Já São Paulo, havia sido postergada continuamente. Sequer fora aceita como sede de uma das Escolas de Direito criadas em 1827 por Pedro I, que pretendia uma burocracia autóctone, liberada da influência tradicional de Coimbra. Dizia-se que São Paulo falava um mau português. Era a terra dos “comedores de formiga”.

Não fora a autoridade afetiva da Marquesa de Santos sobre o jovem Imperador e talvez a USP fosse URJ. Por isso, a Semana de Arte Moderna de 1922 foi um grito bandeirante para que São Paulo assumisse uma liderança na cultura brasileira, seja na literatura, nas artes plásticas, na música, no teatro, em tudo aquilo que significasse liberdade em relação aos cânones europeus.

Menotti Del Picchia, o festejado autor de “Juca Mulato”, um genuíno herói brasileiro, conta como surgiu a ideia da Semana de Arte Moderna: “Durante certo almoço, no hotel Migliore, onde me hospedava, na rua Líbero Badaró, apareceu Oswald de Andrade, Havíamo-nos desavido quando publiquei o “Moisés”. Eu, nessa ocasião, estudante de direito, não conhecia pessoalmente Oswald. Acompanhava, porém, suas primeiras andanças literárias nas páginas de “O Pirralho” e no noticiário dos jornais que o integravam no gruo parnasiano de Emilio de Menezes. Esse encontro foi decisivo para nossa vida literária. Marcou o início do movimento do qual resultou a “Semana de Arte Moderna” de 1922”.

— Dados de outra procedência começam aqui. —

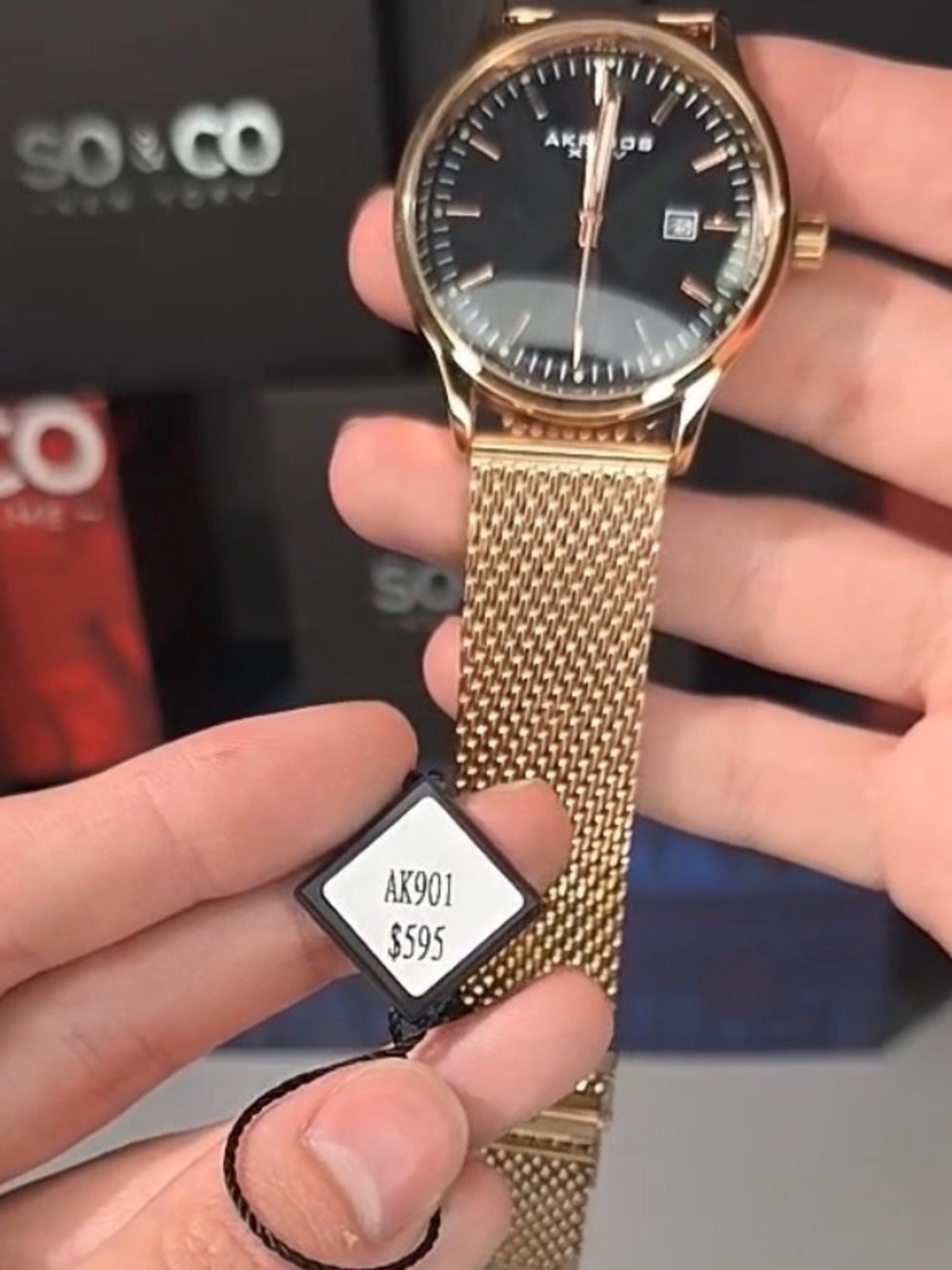 Akribos XXIV Gold Mesh Watch with Black Dial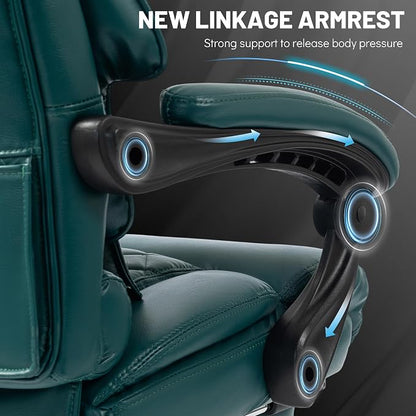 Massage Office Chair with Foot Rest,6 Points Vibration&Heat Executive Office Chairs,Big and Tall Office Chair 500LBS,Ergonomic Desk Chair for Heavy People,Home and Office Computer Chair,Green PU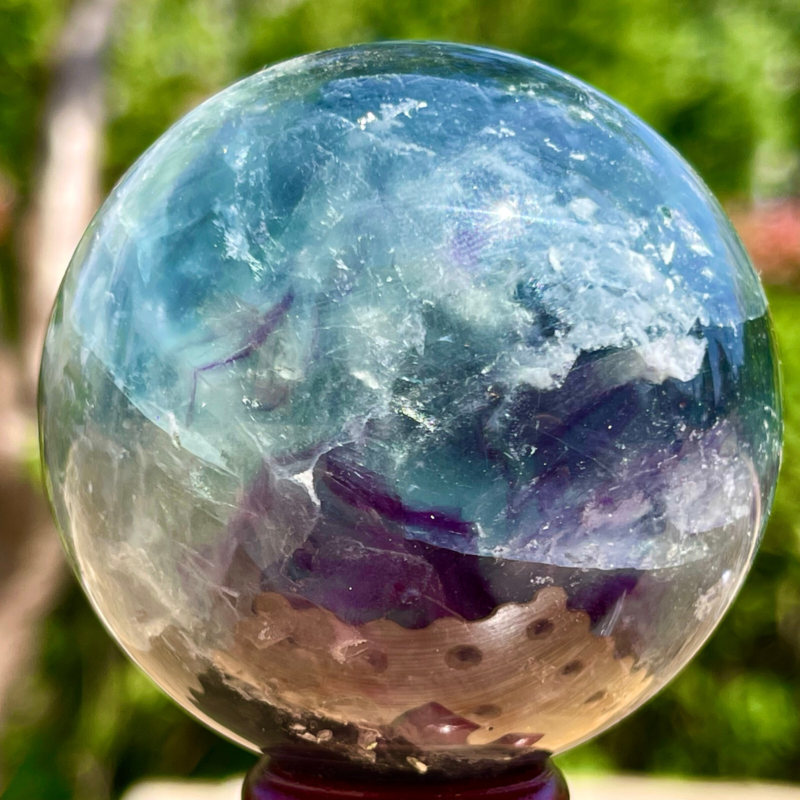 393G Rare natural snowflake feather fluorite crystal ball therapeutic ball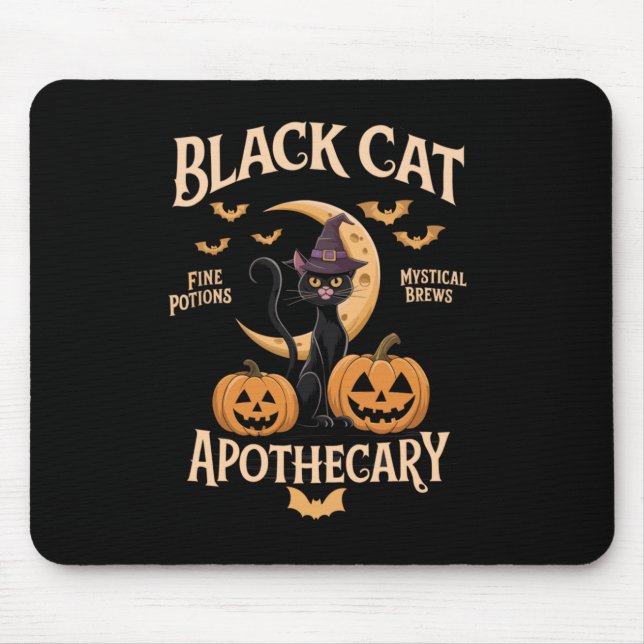 Black Cat Apothecary Halloween Enthusiasts Mouse Pad (Front)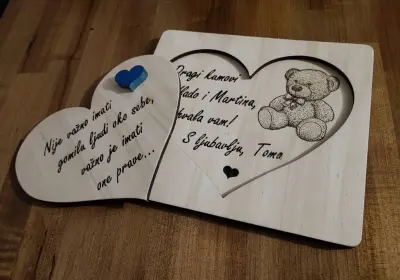 Drvena pozivnica za krsne kumove
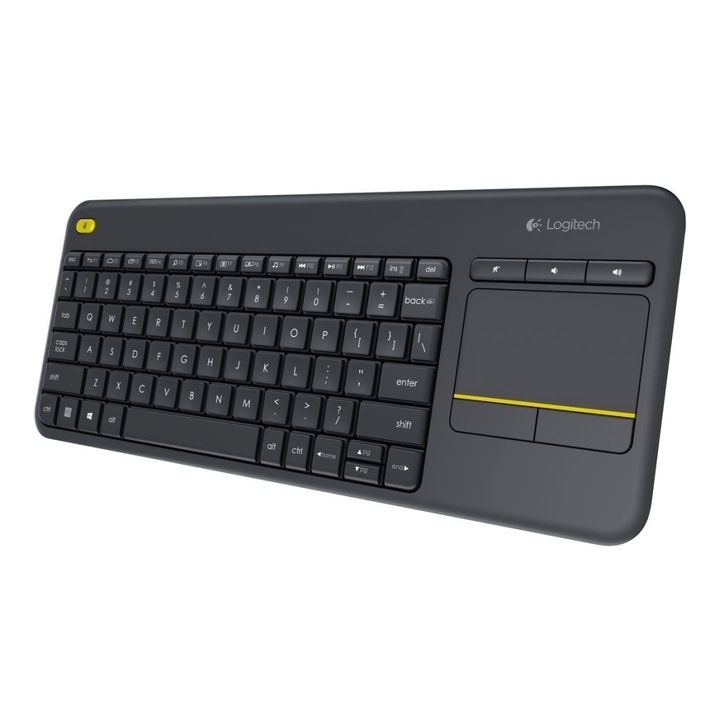 Клавиатура Logitech Wireless Touch Keyboard K400 Plus, Черна, С тихи клавиши и вграден тъчпад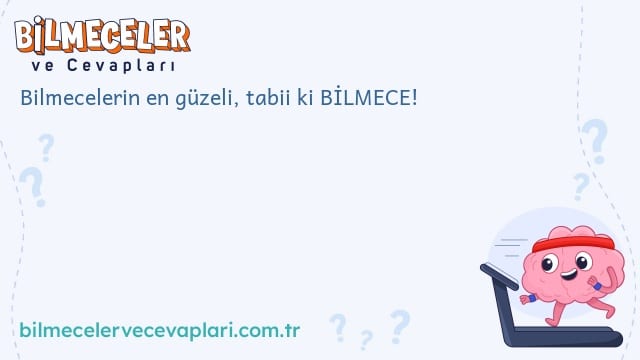 Bilmecelerin en güzeli, tabii ki BİLMECE!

E continua: “Oswald era um extrovertido despachado. Gordo, aloirado, olhos nos quais eu sempre via uma névoa de sonho. Tinha a faculdade quase mágica de fascinar qualquer pessoa logo no primeiro encontro. Sentou-se junto de minha mesa e disse: – Vim procurar você porque Dasy gostou do “Juca Mulato”. Eu também. Queria que você visse Dasy, ela é escritora e quer conhecer você. Fiquei sabendo que naquela época, Oswald de Andrade, que era um romântico passional, depois de uma ruidosa aventura com a bailarina Carmen Lídia e de ter desfeito um casamento do qual tivera um filho – meu amigo Oswald de Andrade Filho, jornalista e pintor – apaixonara-se por Dasy, filha de humildes ferroviários. Conversamos sobre literatura e não tocamos no incidente do “Moisés”. Agradeci o carinho que manifestava pelo meu poema sobre o qual, depois, tantas coisas escreveu e lhe disse: – “Precisamos processar uma revisão geral deste instante literário. Somos um eco da Europa e esquecemos que estamos no Brasil. O “Juca” se propôs ser um protesto contra passividade e extroversão. É necessário fazer nas letras uma verdadeira revolução. Precisamos ser brasileiros e não europeus”.


Menotti prossegue: “Oswald exultou. Tocara na sua tecla mais viva porquanto aquele admirador tão excitado de Bilac e de Emilio de Menezes era de explosiva essência revolucionária. O tema empolgou-o. exaltou-se. Desse encontro – para ambos decisivo – resultou um pacto: unirmo-nos para iniciar essa revisão. Semanas depois, Oswald, afobado, procurou-me na redação do “Correio Paulistano” para me anunciar sua grande descoberta: – Você vai ver, Menotti, o homem é um colosso… Fomos. Na rua Líbero Badaró subimos uma longa e quase perpendicular escada de desmantelado prédio, que nos largou na redação da revista “O Eco”, propriedade da Casa Edison, a que espalhou pelo Brasil a foz arranhada e anasalada dos primeiros discos de gramofone. Lá, largado numa poltrona, encontramos um grande moço magro, de longas pernas de gafanhoto, testa larga, queixo prognata, nariz longo e curvo, já com um início de calvície na frente aberta na cabeça oblonga tal qual uma praça cheia de sol. Pouco depois Segall faria dele o melhor retrato reproduzindo o Mário que então conheci. – Este é Mário de Andrade!”.

O trio estava formado. Dele nasceu a Semana que estamos celebrando com enorme orgulho. Sem rivalidade com o Rio, pleno de benesses, pois o poder as distribui à larga. São Paulo, sem ser a capital federal, seria a capital da cultura. Como é até hoje.